---- Exercise materials

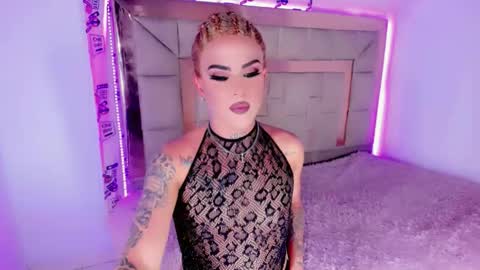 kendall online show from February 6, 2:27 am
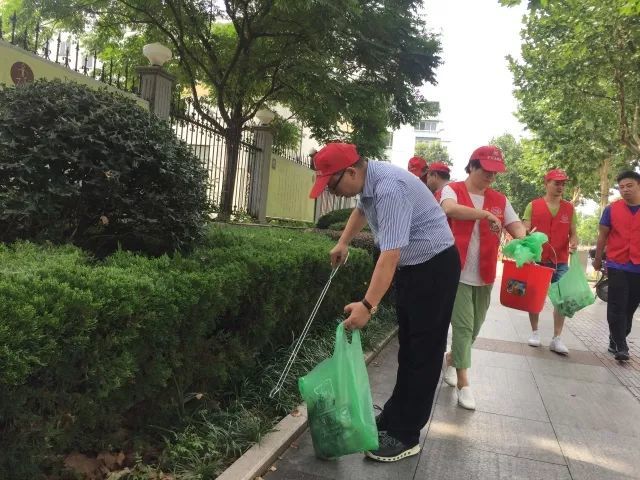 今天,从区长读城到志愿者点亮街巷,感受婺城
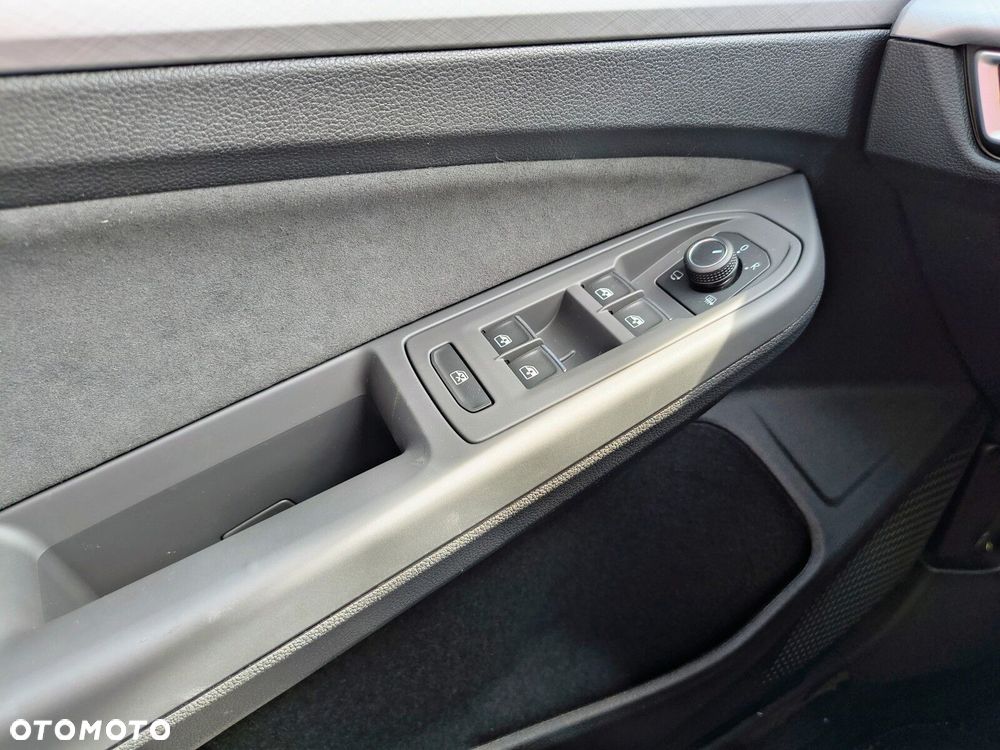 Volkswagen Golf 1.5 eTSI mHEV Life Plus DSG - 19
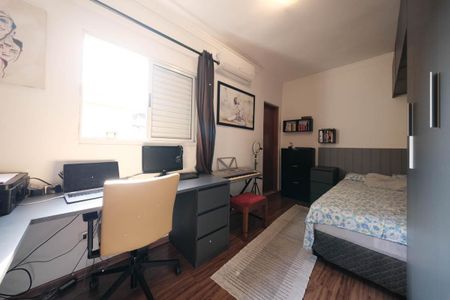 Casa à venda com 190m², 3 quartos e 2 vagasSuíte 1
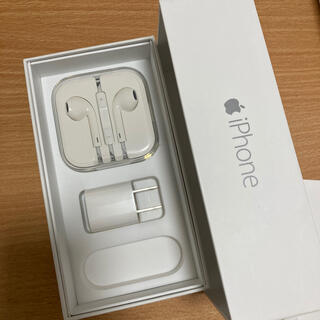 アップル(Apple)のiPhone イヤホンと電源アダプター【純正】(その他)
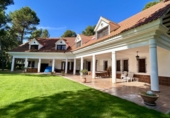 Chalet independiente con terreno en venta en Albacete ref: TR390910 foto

--------
---- Exercise materials

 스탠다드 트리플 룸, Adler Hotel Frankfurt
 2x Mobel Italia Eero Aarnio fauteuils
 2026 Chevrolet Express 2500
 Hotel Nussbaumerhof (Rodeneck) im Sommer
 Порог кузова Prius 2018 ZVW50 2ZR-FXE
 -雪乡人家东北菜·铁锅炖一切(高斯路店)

--------

--- Work request ---
Whenever the string "Hotel" turns up in a line above, copy that line out.

--- Result for this task ---
 스탠다드 트리플 룸, Adler Hotel Frankfurt
 Hotel Nussbaumerhof (Rodeneck) im Sommer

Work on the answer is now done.